Patzer, A., & Schultz, L. (2002). Noble gases in enstatite chondrites II: The trapped component. Meteoritics and Planetary Science, 37(4), 601-612.


Cite as: http://hdl.handle.net/11858/00-001M-0000-0014-9124-E
Abstract
The trapped noble gas record of 57 enstatite chondrites (E chondrites) has been investigated. Basically, two different gas patterns have been identified dependent on the petrologic type. All E chondrites of type 4 to 6 show a mixture of trapped common chondritic rare gases (Q) and a subsolar component (range of elemental ratios for E4-6 chondrites: Ar-36/Xe-132 = 582 +/- 270 and Ar-36/Kr-84 = 242 +/- 88). E3 chondrites usually contain Q gases, but also a composition with lower Ar- 36/Xe-132 and Ar-36/Kr-84 ratios, which we call sub-Q (Ar- 36/Xe-132 = 37.0 +/- 18.0 and Ar-36/Kr-84 = 41.7 +/- 18.1). The presence of either the subsolar or the sub-Q signature in particular petrologic types cannot be readily explained by parent body metamorphism as postulated for ordinary chondrites.

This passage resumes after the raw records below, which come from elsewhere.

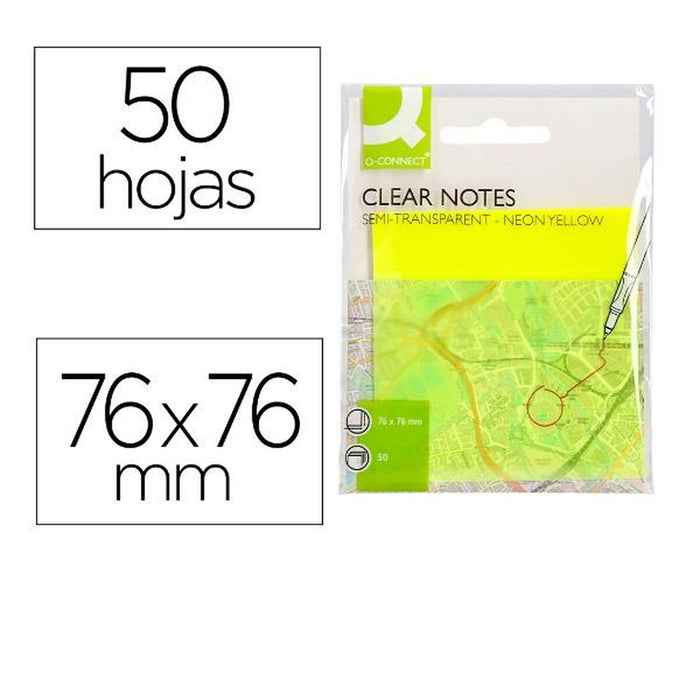 Notițe cu Adeziv Q-Connect KF10369 Alb 76 x 76 mm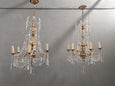 #8691-SUGG - Pair of Crystal Chandeliers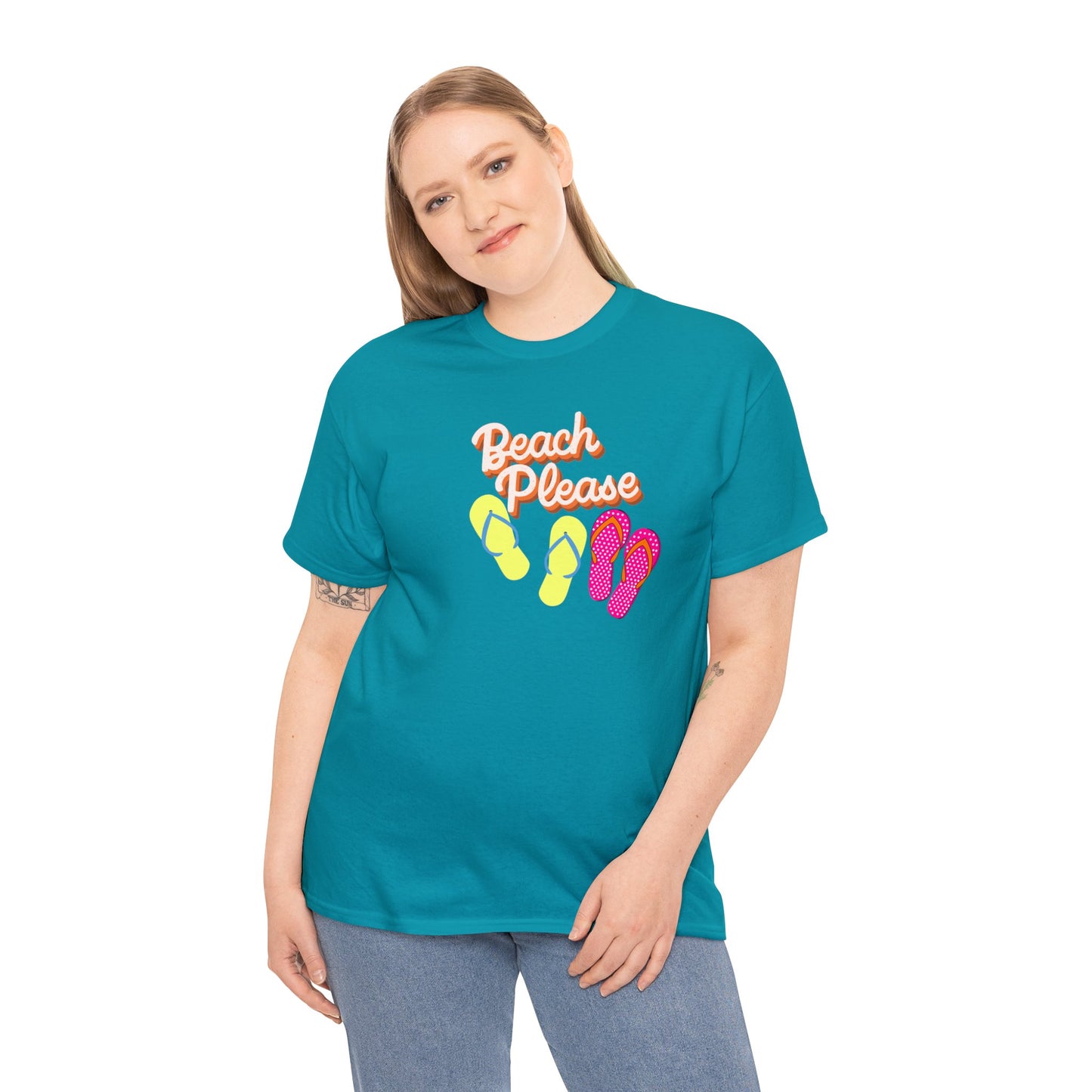 Unisex Heavy Cotton Tee Adult/Teen Activewear Good Quality Material Comes In Many Colors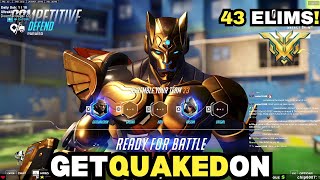 43 ELIMS GETQUAKEDON TOP 500 DOOMFIST ROLLOUTS  World of Warcraft X Overwatch 2 season 12 [upl. by Helmer]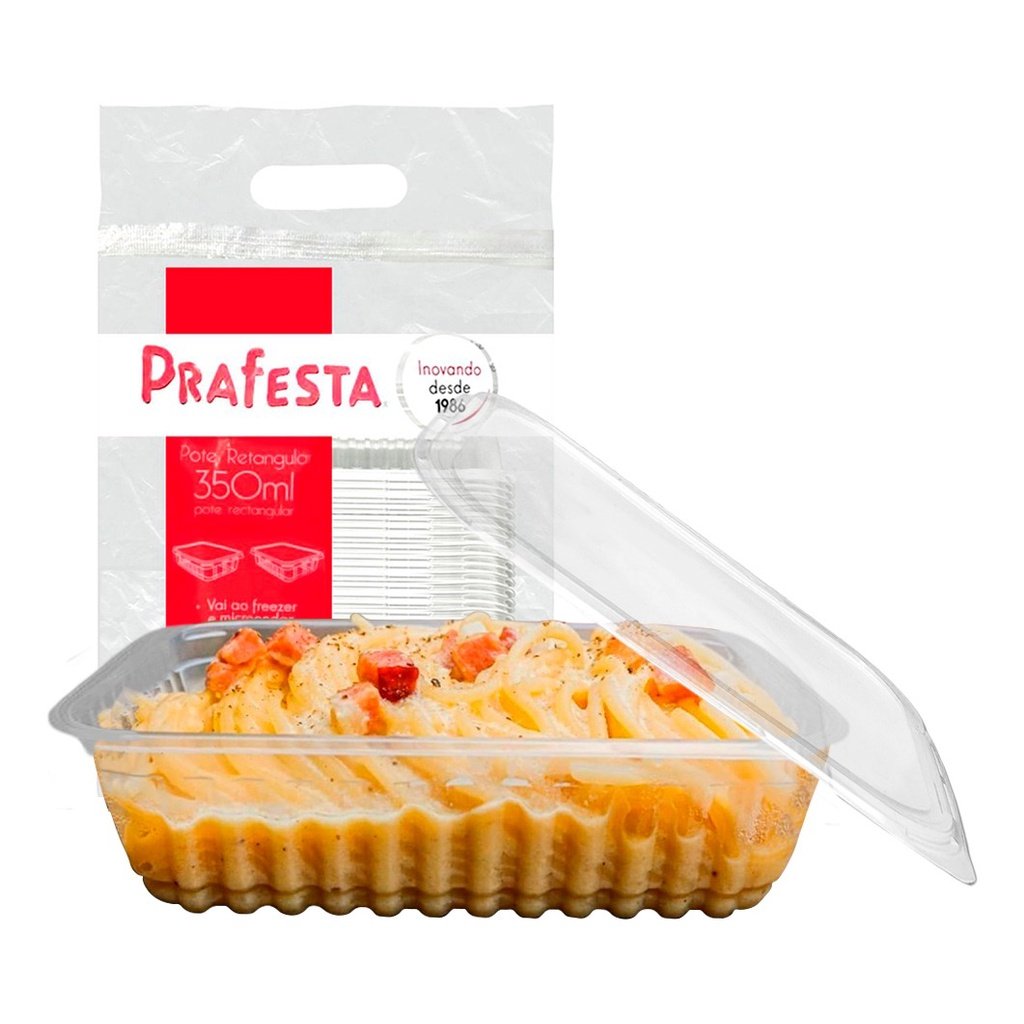 Potes Descartáveis 350ml: Kit com 72 Unidades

We therefore present a different model that can explain the bimodal distribution and composition of trapped heavy noble gases in E chondrites. Trapped solar noble gases have been observed only in some E3 chondrites. About 30% of each group, EH3 and EL3 chondrites, amounting to 9% of all analyzed E chondrites show the solar signature. Notably, only one of those meteorites has been explicitly described as a regolith breccia.